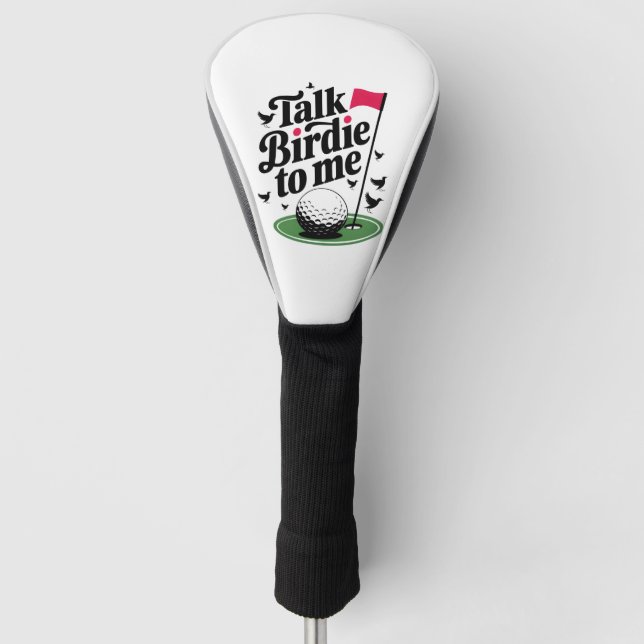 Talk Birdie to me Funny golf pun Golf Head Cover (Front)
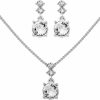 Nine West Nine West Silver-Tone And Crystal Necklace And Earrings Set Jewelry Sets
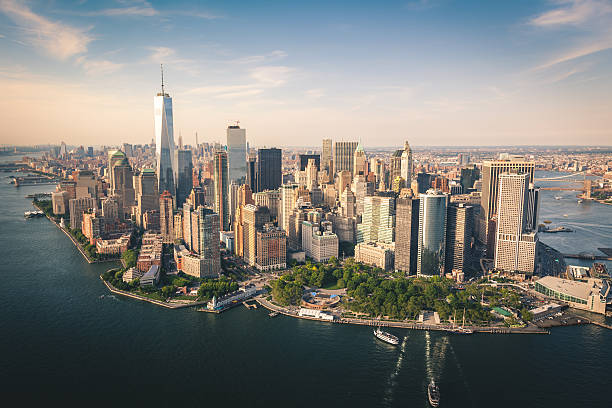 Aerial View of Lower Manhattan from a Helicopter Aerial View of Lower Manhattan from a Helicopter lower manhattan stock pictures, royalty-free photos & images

--

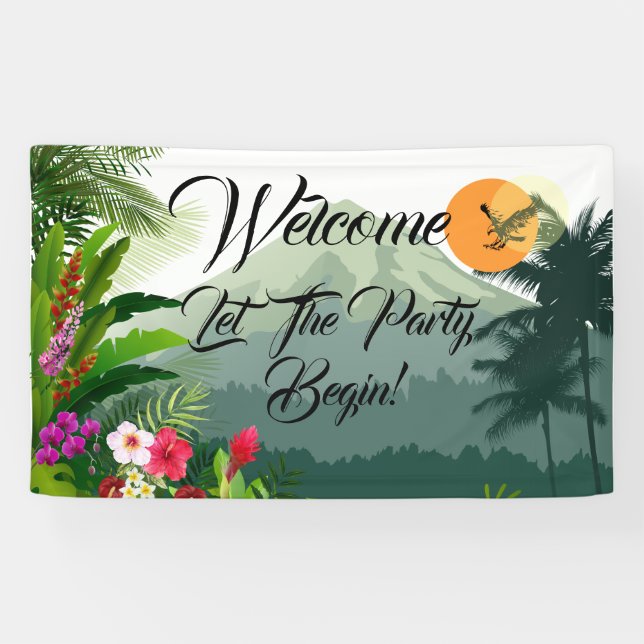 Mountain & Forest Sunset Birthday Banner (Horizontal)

* * *

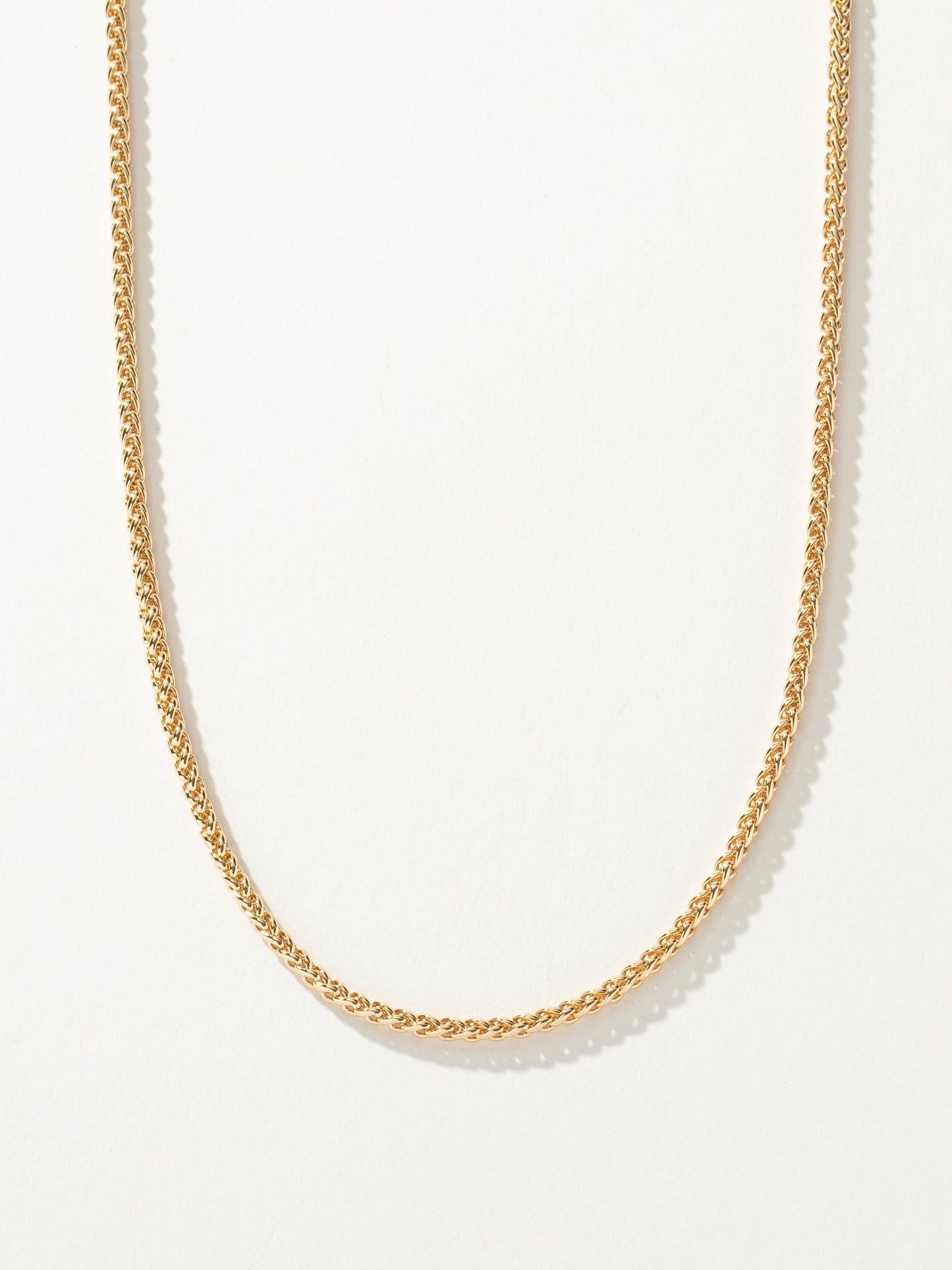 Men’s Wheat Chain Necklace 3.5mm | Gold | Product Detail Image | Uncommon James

EXERCISE GOAL: Print nothing but the lines above starting with the line that contains "Talk Birdie to" and going on through the line that contains "Aerial View of Lower Manhattan from a Helicopter Aerial". Leave out the pictures.

ANSWER AREA:
 Talk Birdie to me Funny golf pun Golf Head Cover (Front)
 Nine West Nine West Silver-Tone And Crystal Necklace And Earrings Set Jewelry Sets
 Aerial View of Lower Manhattan from a Helicopter Aerial View of Lower Manhattan from a Helicopter lower manhattan stock pictures, royalty-free photos & images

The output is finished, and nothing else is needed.